Collected data:
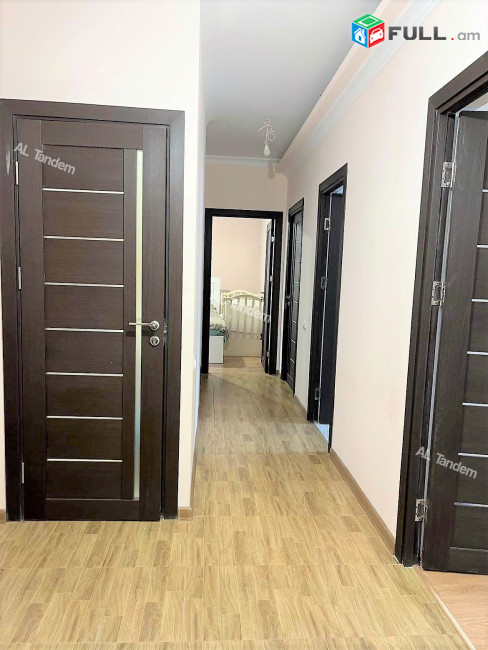 Վաճառվում է բնակարան Նորաշենում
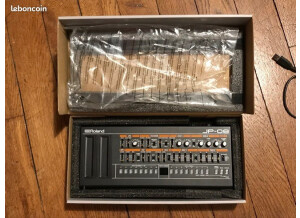 Roland JP-08 (30039)
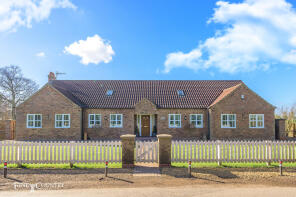 Agavea Lodge, Hallgate, Gedney, Spalding PE12 0AH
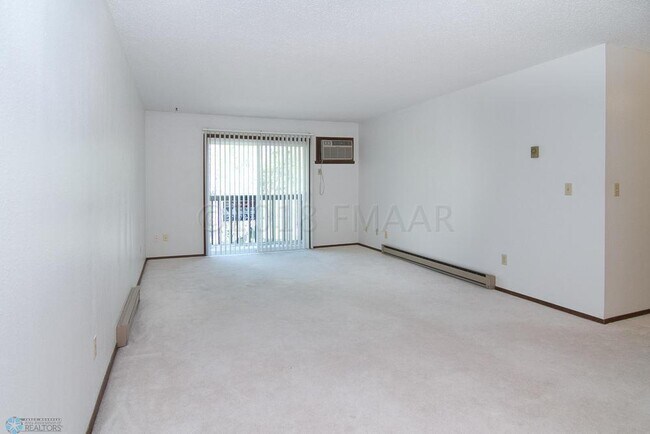 Building Photo - 1129 22nd St S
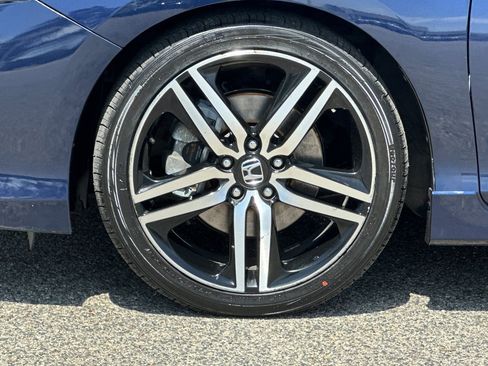 Used 2017 Honda Accord Sport image 23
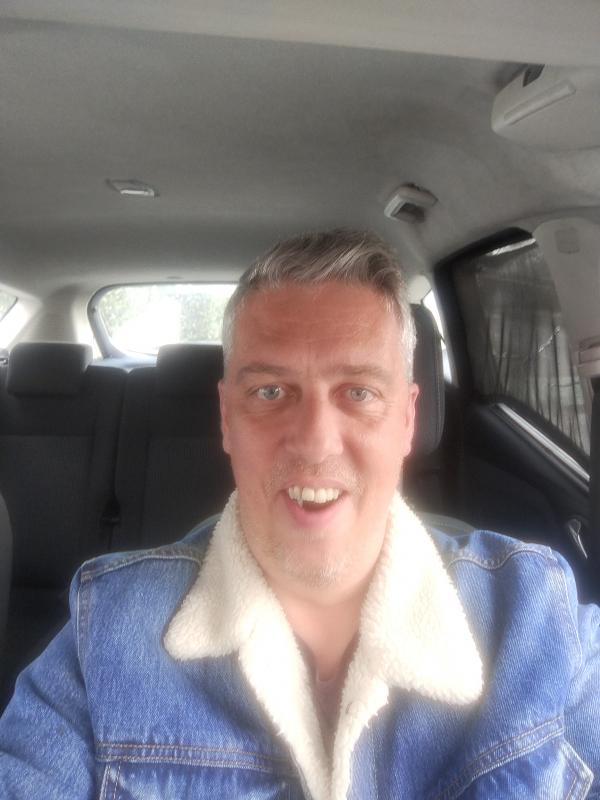 Livio 48 ans Villeneuve Tolosane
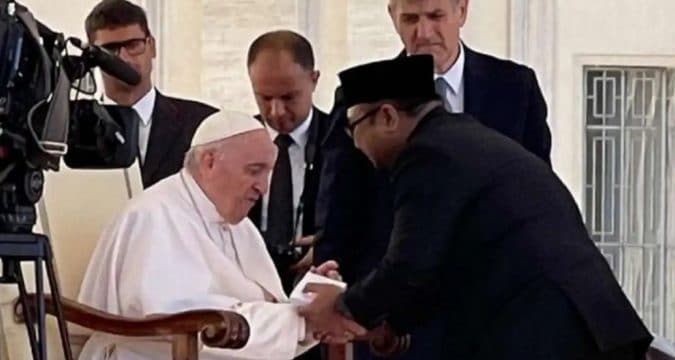 Indonesia _Ông Yaqut Cholil Qoumas gặp Đức Thánh Cha Phanxicô ngày 8-6-2022.jpg (25 KB)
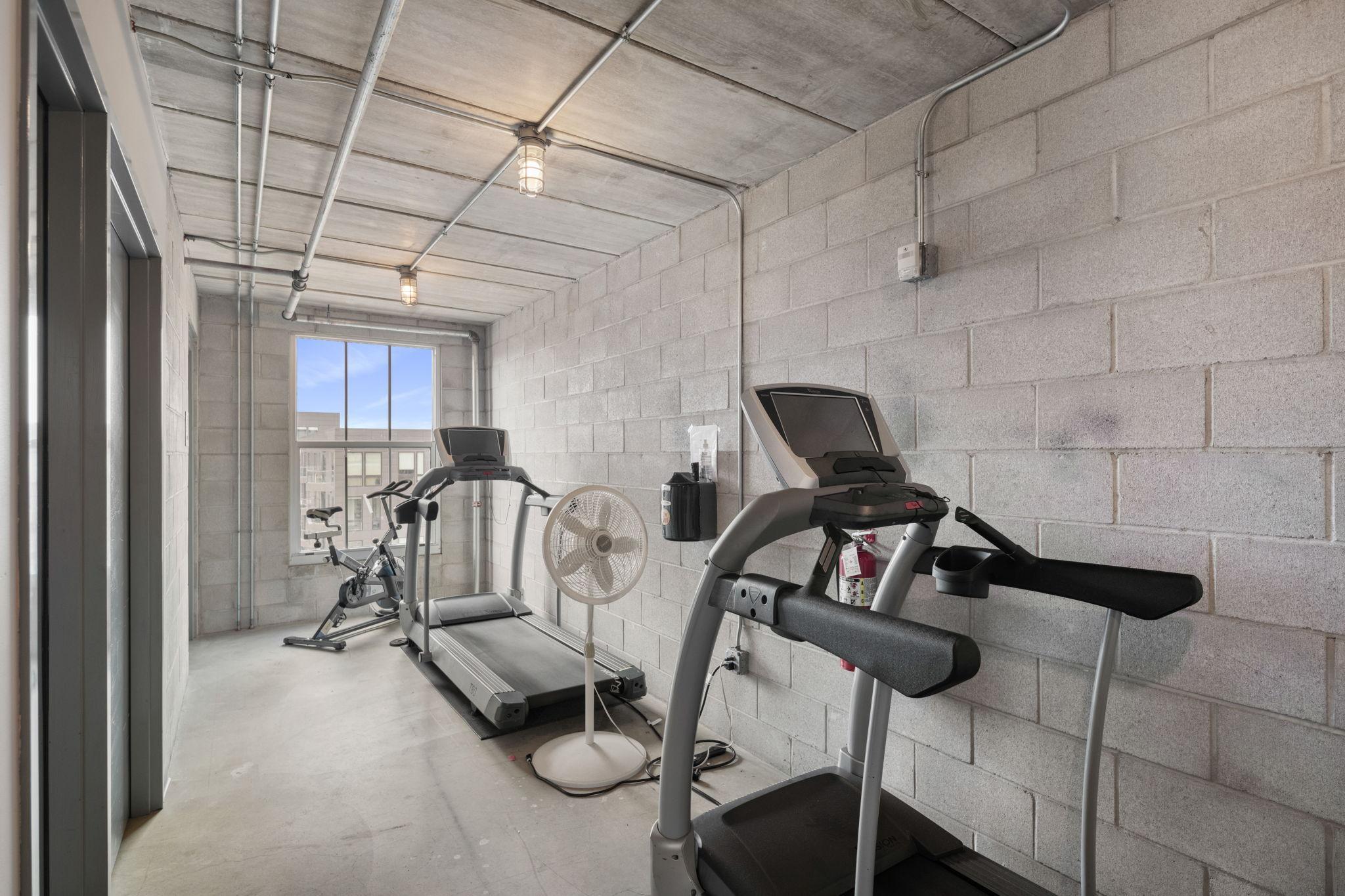 801 Washington Avenue N Unit: 210
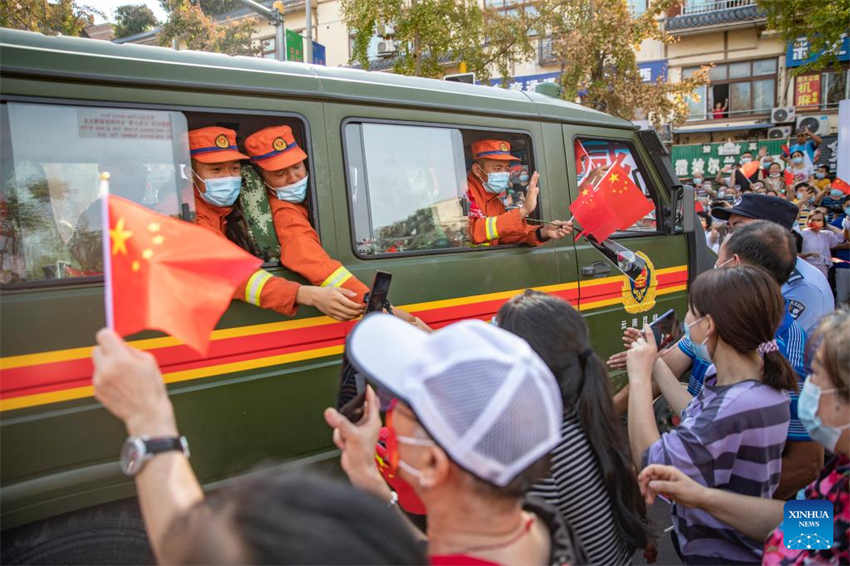 Residentes de Chongqing se despedem dos bombeiros que apagaram incêndio florestal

• Assignment:
All records should be output exactly, with the pictures left out.

• Response area:
 Վաճառվում է բնակարան Նորաշենում
 Roland JP-08 (30039)
 Agavea Lodge, Hallgate, Gedney, Spalding PE12 0AH
 Building Photo - 1129 22nd St S
 Used 2017 Honda Accord Sport image 23
 Livio 48 ans Villeneuve Tolosane
 Indonesia _Ông Yaqut Cholil Qoumas gặp Đức Thánh Cha Phanxicô ngày 8-6-2022.jpg (25 KB)
 801 Washington Avenue N Unit: 210
 Residentes de Chongqing se despedem dos bombeiros que apagaram incêndio florestal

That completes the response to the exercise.